# Problem to work on
From the line containing "Ông Hoàng Quốc" through the last line of the entries, output the text exactly. Pictures stay out.

════════════════

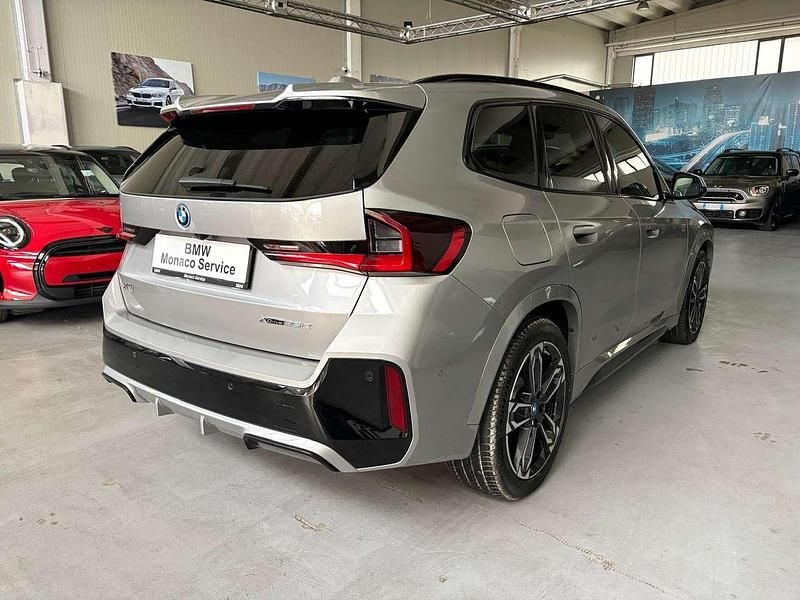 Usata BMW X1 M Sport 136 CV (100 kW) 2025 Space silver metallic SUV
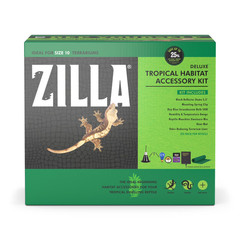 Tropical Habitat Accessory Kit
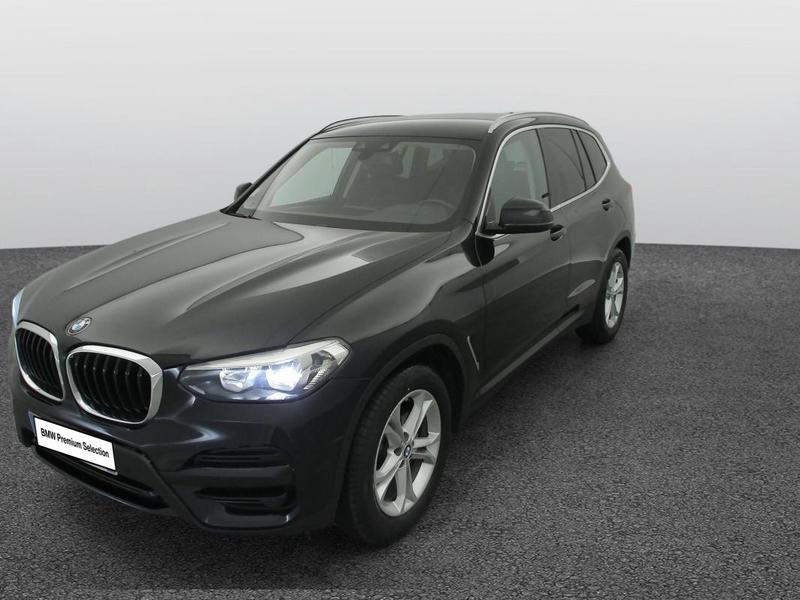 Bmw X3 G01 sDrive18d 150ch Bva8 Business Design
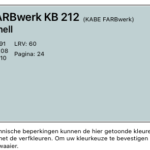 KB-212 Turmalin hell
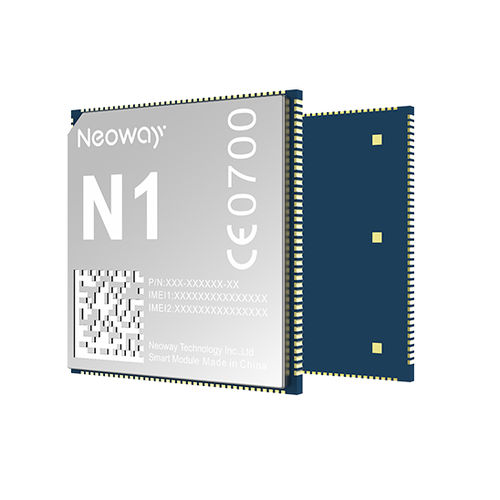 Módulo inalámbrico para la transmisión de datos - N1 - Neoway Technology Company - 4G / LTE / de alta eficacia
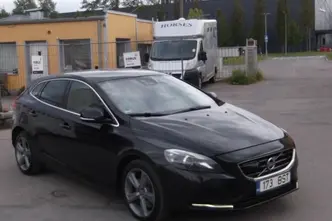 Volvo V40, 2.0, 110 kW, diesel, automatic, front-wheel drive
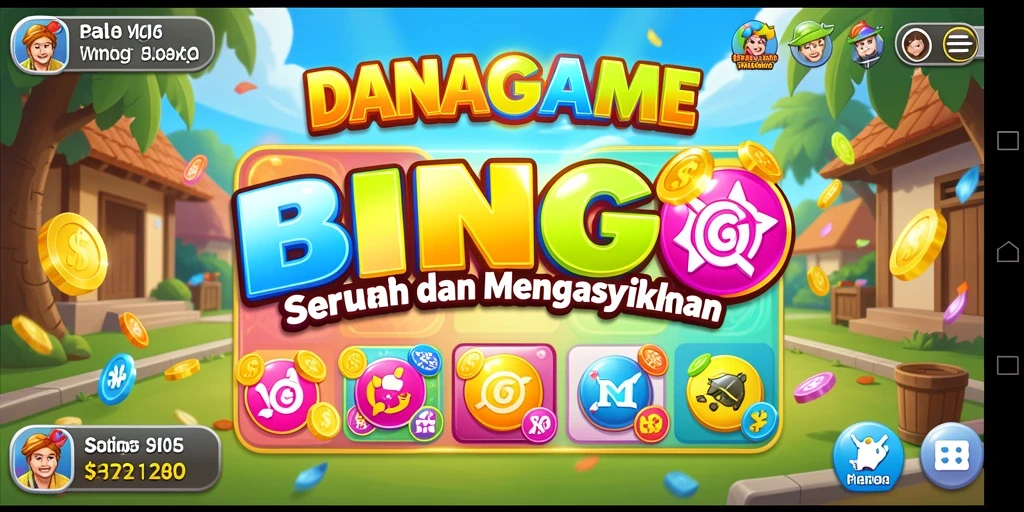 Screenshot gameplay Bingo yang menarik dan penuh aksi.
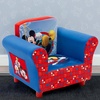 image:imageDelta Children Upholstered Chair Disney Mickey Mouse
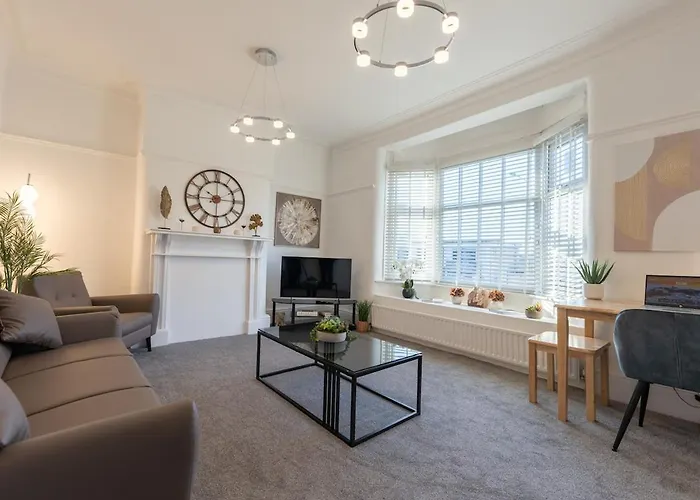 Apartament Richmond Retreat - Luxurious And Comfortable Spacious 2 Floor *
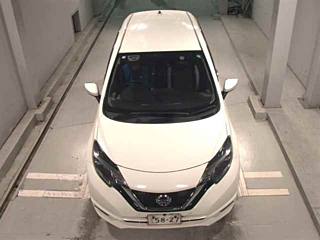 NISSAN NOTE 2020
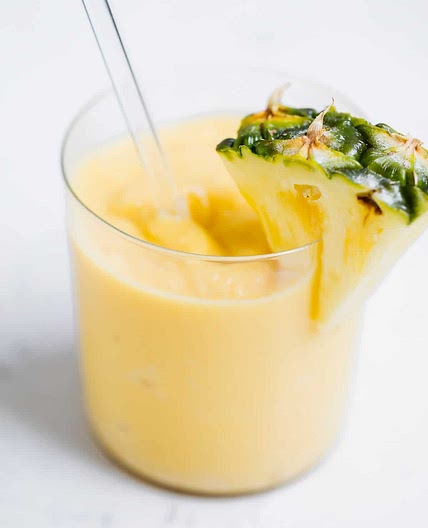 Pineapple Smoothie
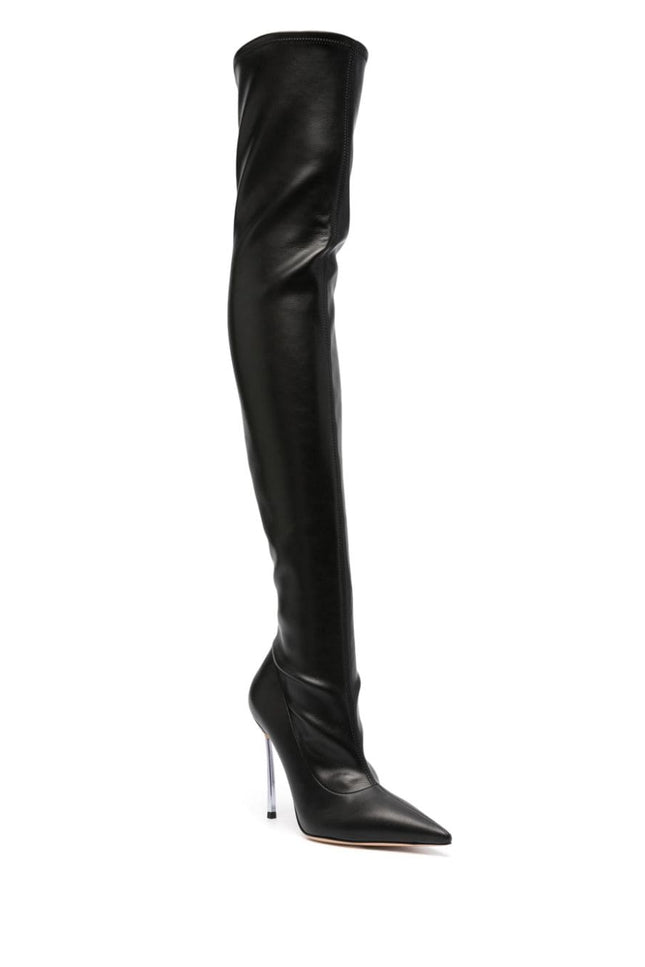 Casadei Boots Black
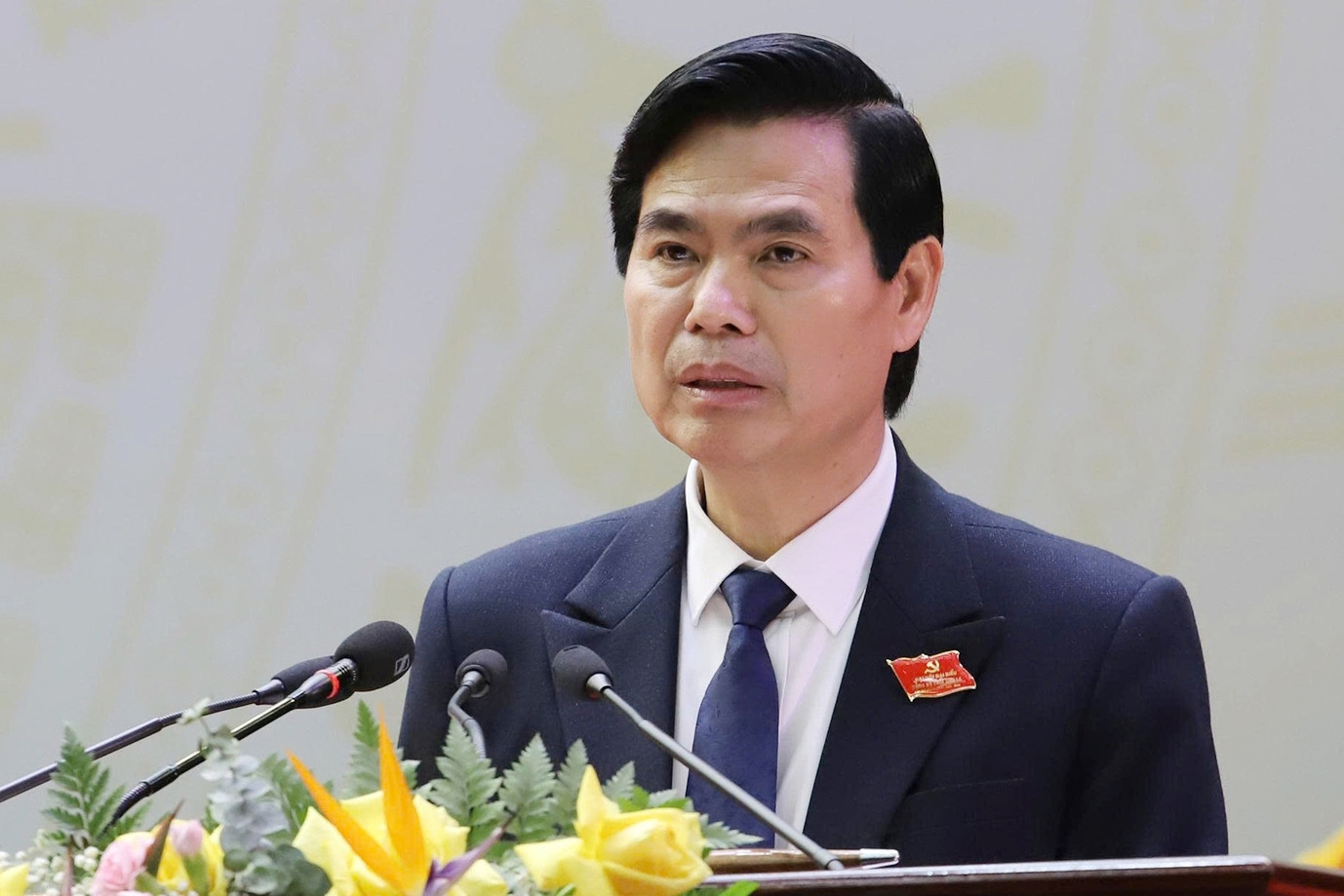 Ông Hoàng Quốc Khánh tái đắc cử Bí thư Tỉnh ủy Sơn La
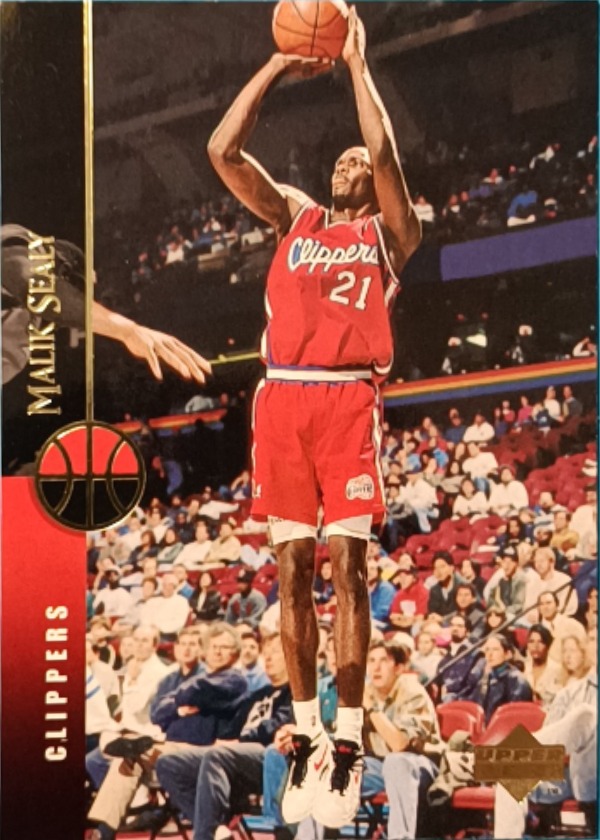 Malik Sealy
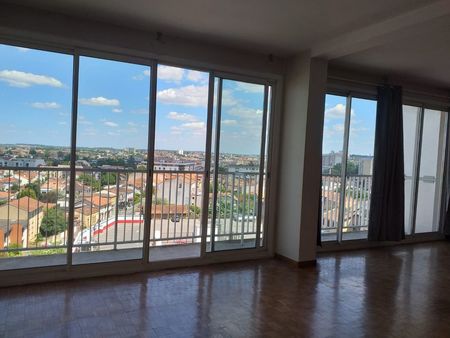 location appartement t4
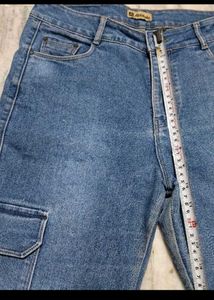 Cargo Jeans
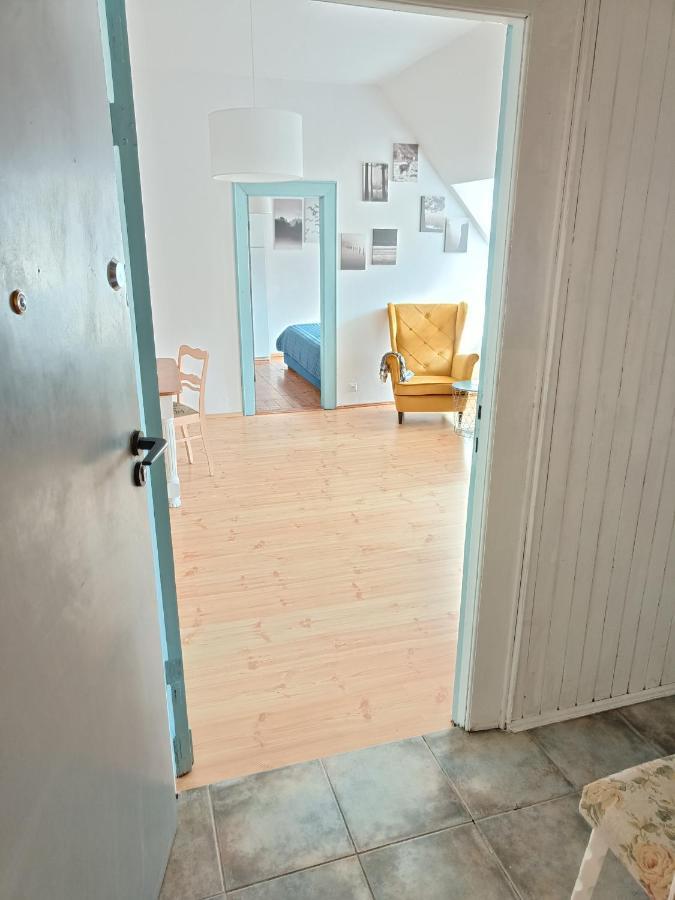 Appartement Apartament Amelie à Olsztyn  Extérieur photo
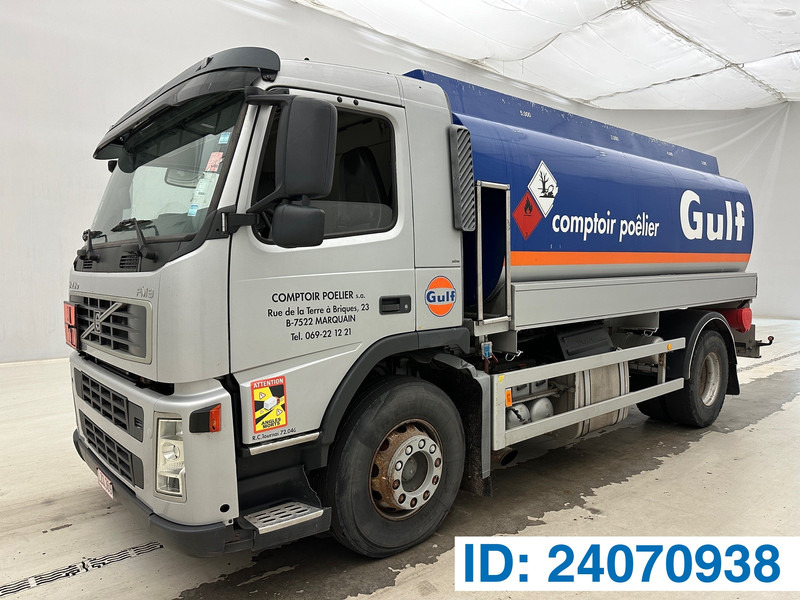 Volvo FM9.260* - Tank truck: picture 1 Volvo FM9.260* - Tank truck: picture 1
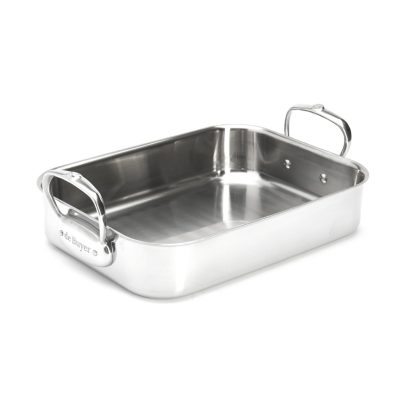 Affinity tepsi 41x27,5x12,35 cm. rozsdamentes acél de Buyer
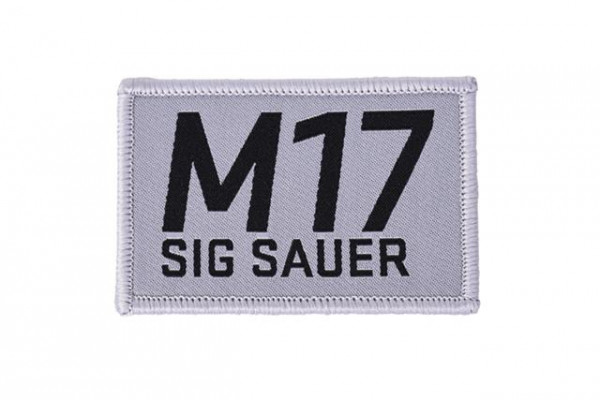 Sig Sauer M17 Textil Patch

════════════════

# Solution to the problem
 Ông Hoàng Quốc Khánh tái đắc cử Bí thư Tỉnh ủy Sơn La
 Malik Sealy
 location appartement t4
 Cargo Jeans
 Appartement Apartament Amelie à Olsztyn  Extérieur photo
 Volvo FM9.260* - Tank truck: picture 1 Volvo FM9.260* - Tank truck: picture 1
 Affinity tepsi 41x27,5x12,35 cm. rozsdamentes acél de Buyer
 Sig Sauer M17 Textil Patch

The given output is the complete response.